I'm trying to learn 16 bit chiptune and use SNES game soundfonts, I especially like Mega Man X's sf2, but I notice the instruments sound very dry compared to the OST, I got SNESverb from Impact Soundworks but still can't wrap my head around how to use it to get the huge reverb from Mega Man X, any advice?


----------



## Crowe (Nov 21, 2021)

Uhm. I'll have to listen to the OST later, but isn't SNES 'reverb' just an approximated Delay effect created by simply repeating the same note but fading out the volume?


----------



## Lord Daknight (Nov 21, 2021)

As an example, how do I make the first sound like the second one which I sampled from the OST here?


----------



## Crowe (Nov 21, 2021)

Yup, that's definitely what I said. Maybe do a YouTube search on a variation on 'tracker delay emulate'.
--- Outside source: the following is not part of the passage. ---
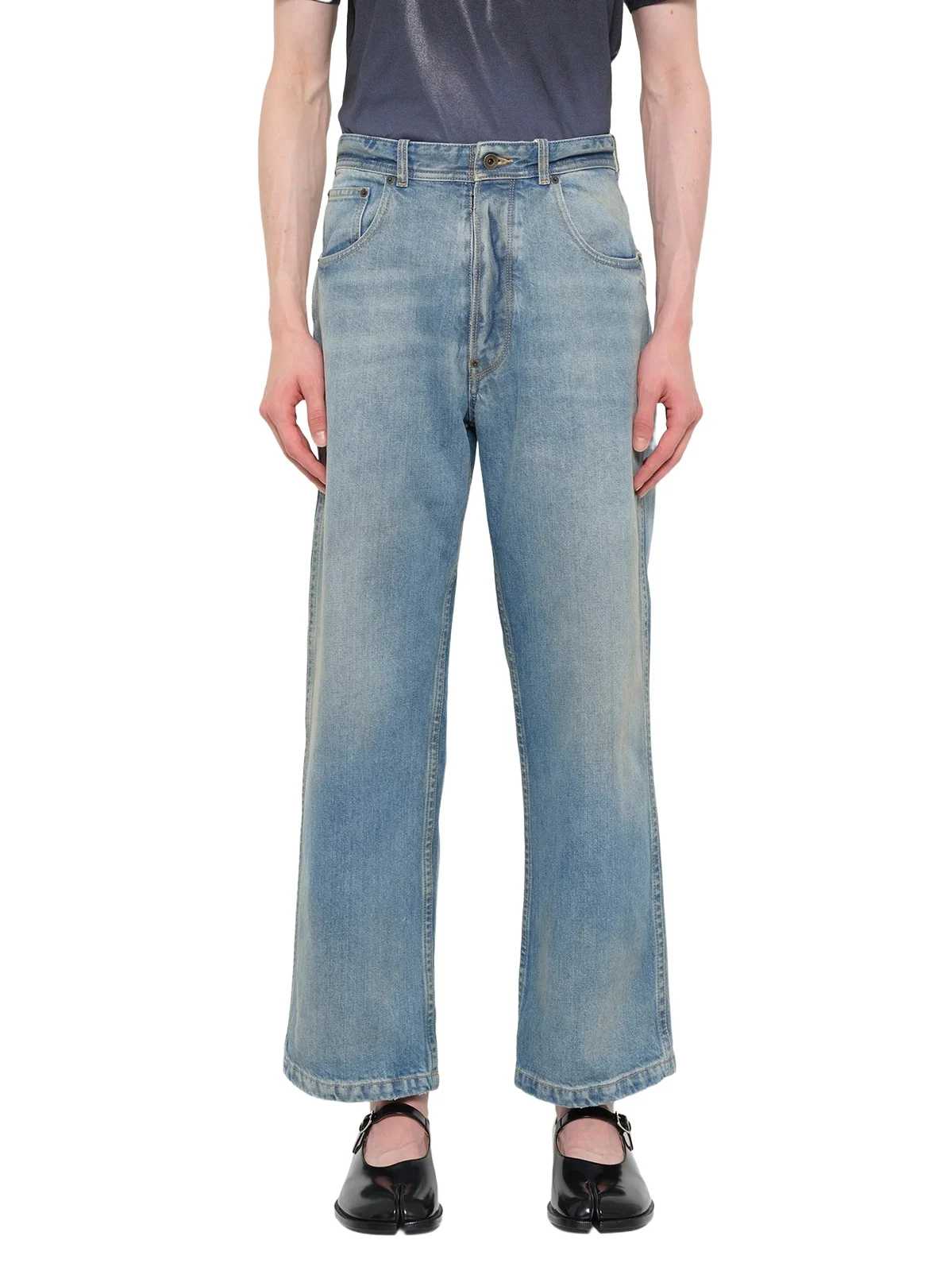 Cropped Denim Jeans in Washed Blue Cropped Denim Jeans in Washed Blue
Or use something like (I think it's called) snesverb. I'll take a gander at my tools when I get home


----------



## Zanshin (Nov 21, 2021)

This is what I would use to achieve what you are going for:









Plogue | chipsynth SFC


chipsynth SFC bit-accurately emulates a famous 16-bit console's sound playback features




www.plogue.com





Grey area maybe?... but if you have access to the rom, you can use SFC to load up and "rip" the actual sound used.

Love snes era game music, LOVE SFC.


----------



## obey (Nov 21, 2021)

I believe (as Crowe mentioned) the SNES reverb effect is just a delay with feedback (which creates a simple but effective reverberation effect.)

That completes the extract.